Although processing power has, in accordance with Moore’s Law, also seen exponential growth, this pace has not been kept up with by memory and disk storage access speeds.
The last few years have seen this problem exacerbated by the growth in social media and by the increase in the amount of data automatically collected by sensors and devices like RFID tags and clickstream tracking software.
The consequence of this divergence is that many enterprises find that traditional database approaches are struggling to keep up with their needs to analyse the increasingly huge volumes of data.
To complicate things, more of this data is unstructured (such as documents and web pages, rather than just numbers), which traditional databases have never been especially good at dealing with.

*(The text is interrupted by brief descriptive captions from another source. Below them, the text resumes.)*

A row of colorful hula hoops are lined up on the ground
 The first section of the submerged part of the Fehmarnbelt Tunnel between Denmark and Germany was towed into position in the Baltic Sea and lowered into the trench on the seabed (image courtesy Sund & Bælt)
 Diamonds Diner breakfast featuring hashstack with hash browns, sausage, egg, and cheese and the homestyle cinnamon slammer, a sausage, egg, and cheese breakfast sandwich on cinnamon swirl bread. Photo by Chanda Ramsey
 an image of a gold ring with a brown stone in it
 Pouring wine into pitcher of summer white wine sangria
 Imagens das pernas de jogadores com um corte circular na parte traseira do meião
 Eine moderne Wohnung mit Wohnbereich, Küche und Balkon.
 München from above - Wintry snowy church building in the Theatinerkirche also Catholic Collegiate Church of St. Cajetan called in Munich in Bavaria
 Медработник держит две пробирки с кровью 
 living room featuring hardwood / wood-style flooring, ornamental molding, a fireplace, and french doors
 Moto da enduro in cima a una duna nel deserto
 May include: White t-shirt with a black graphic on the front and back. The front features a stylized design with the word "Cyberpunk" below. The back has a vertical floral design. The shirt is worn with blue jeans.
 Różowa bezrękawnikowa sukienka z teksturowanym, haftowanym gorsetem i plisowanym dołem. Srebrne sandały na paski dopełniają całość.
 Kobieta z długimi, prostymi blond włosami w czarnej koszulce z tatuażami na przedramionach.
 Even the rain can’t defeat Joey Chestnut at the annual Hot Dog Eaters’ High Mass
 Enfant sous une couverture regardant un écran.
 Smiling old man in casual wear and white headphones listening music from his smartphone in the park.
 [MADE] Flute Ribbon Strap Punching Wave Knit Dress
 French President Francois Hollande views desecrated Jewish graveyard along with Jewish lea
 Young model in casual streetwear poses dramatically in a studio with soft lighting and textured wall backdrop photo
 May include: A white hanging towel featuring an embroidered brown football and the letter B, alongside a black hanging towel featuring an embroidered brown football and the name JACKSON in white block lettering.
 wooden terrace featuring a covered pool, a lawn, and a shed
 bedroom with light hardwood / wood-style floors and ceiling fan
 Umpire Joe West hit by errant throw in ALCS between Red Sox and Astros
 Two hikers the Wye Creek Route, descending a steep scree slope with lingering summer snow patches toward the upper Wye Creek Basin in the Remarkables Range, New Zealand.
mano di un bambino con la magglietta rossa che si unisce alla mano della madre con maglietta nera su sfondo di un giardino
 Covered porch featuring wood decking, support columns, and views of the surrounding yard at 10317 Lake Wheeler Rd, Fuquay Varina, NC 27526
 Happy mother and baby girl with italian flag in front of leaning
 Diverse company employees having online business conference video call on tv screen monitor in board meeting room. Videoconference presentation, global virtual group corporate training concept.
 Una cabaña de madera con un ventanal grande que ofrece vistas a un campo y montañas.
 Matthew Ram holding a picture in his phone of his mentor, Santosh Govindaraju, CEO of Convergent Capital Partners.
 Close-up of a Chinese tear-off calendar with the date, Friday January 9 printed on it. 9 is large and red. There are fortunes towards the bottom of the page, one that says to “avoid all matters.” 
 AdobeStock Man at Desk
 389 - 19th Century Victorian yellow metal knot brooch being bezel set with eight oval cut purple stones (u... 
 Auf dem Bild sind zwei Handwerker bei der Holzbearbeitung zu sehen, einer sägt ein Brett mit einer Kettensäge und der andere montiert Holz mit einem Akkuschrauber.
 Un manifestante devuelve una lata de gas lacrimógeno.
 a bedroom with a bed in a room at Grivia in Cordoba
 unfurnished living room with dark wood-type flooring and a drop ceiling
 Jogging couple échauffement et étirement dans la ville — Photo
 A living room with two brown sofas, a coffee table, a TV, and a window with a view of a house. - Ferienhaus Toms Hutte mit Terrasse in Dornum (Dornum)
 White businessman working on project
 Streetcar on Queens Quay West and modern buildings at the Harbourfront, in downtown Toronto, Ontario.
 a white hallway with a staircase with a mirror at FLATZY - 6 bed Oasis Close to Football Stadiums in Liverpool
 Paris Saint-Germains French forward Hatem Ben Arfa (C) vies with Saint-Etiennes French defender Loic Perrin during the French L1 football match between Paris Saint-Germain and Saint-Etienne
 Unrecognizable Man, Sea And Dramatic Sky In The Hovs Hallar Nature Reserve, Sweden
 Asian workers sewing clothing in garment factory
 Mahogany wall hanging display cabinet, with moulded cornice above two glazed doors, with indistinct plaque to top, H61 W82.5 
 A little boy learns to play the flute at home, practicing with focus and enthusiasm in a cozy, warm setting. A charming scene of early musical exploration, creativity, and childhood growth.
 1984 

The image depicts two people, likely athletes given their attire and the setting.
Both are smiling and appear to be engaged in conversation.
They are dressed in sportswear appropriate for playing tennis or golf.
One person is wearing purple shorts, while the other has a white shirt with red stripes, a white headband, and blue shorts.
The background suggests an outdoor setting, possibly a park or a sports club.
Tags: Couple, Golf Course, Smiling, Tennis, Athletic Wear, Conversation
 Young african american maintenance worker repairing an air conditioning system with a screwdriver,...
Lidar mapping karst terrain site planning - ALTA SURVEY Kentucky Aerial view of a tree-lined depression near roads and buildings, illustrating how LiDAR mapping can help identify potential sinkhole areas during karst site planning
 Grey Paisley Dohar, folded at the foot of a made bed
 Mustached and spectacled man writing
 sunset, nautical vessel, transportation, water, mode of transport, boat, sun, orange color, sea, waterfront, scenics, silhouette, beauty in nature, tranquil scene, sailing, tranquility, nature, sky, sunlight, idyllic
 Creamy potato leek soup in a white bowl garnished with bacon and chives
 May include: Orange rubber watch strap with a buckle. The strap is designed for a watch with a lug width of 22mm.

Industries which have found this a problem include internet marketing companies, social media web sites and financial institutions like hedge funds who want to test trading strategies on historical trading data.
The term Big Data has been coined to describe this issue, and a number of interesting approaches have arisen to tackle it. For one thing there has been an explosion of entrants to the previously staid data warehouse market.
Approaching the numbers
Two approaches have come to the fore.
First, traditional relational databases have been optimised for transaction update, and are row-oriented, designed to have tables with a few columns (name, address or product number) and large numbers of rows.
This is what you want for update processing, but in the case of largely read-only processing it can be more efficient to flip this on its head to column-oriented storage.
Pioneered by Sybase, this approach has been taken up by many of the recent analytic database market entrants.
It is easier to compress this style of data, though there is a price to pay in terms of load times and it is not well suited to frequent transactional updates.
However for analytic processing this is not really an issue, and columnar databases can, for certain analytic queries, deliver query performance an order of magnitude faster than traditional approaches.